Every morning when I visit my local café, I expect to receive the same thing I did yesterday... clean, strong espresso, served in a small ceramic cup, with a glass of water.
Like many professions, consistency is key.
On the surface, making coffee appears as a rather simple manual task... however, over the last 10-15 years you may have observed a trend within cafés for more digital and automated tools - wholly automated grinders, digital scales, electric tampers, thermometers and increasingly digitised espresso machines.
Personally, having spent some time on ‘the tools’ it gave me pause to wonder why?
Espresso is a relatively simple task, though it requires experience, craft and dedication in order to become proficient and deliver a consistent, quality result.
I think a relevant question to ask when being sold any #innovation is... do we really need the fancy tools and do they actually improve the process or result?
The basics making espresso can be taught in five minutes:
Grind coffee beans.
Dose the grind into the portafilter (basket).
Tamp the grind.
Insert basket into the group head (espresso machine).
Extract/pour the espresso.
If the coffee requires milk, you would be steaming this at the same time.
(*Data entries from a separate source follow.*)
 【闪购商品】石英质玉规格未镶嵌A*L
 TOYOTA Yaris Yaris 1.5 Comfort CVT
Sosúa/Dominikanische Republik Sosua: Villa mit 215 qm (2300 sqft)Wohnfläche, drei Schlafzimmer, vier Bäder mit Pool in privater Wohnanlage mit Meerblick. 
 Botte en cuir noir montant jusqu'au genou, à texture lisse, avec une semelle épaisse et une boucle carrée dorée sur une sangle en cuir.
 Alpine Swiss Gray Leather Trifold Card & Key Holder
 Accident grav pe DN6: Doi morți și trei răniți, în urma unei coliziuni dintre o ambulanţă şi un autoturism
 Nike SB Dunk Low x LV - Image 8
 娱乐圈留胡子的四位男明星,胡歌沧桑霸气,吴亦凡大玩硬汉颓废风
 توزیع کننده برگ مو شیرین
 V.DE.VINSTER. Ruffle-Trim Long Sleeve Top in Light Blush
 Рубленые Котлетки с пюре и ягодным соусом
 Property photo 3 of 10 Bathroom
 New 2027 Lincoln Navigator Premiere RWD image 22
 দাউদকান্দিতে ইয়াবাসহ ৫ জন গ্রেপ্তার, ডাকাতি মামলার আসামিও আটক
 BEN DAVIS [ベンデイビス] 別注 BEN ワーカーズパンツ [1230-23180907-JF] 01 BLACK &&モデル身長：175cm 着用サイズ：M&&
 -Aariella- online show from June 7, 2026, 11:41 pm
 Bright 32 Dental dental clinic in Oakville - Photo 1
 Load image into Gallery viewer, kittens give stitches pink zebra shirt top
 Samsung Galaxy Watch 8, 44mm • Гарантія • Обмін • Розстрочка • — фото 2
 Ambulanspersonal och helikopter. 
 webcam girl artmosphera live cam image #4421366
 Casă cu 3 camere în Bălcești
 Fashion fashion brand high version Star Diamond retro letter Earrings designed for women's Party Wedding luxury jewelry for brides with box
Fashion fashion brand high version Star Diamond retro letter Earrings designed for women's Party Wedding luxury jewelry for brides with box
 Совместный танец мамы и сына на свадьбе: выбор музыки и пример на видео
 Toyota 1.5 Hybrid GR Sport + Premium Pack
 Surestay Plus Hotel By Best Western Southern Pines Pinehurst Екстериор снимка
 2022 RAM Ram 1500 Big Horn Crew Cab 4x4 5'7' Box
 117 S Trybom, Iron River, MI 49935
Add milk to coffee as required.
Plate and serve.
Making one coffee is easy. Juggling multiple orders with different milks, delivering them hot/cold, consistently, cleanly, in-house or take-away, is where skill and expertise is required.
For a Barista, the advent of automatic tools is merely the substitution of a manual process for an automated process.
While appearing to remove certain tasks from a Barista, they do not replace the need for a Barista, nor does it produce a more efficient result and (in my opinion) reduces the quality of the product.
The want to improve something that doesn’t need to be fixed,
is often a case of applying the magnifying glass over the process,
rather than the result.
So whose innovation was this and how has it become so popular?
To answer this we need to dive into the granular math of making espresso...
The average espresso portafilter (basket) ranges in size between 12g to 16g; the basket size will depend on the type of coffee you use and the flavour profile you wish to create.
A 1kg bag of coffee, at 12g doses, will make approximately 80 coffees; the higher the dose, the more grind you use, the fewer the number of coffees produced per bag.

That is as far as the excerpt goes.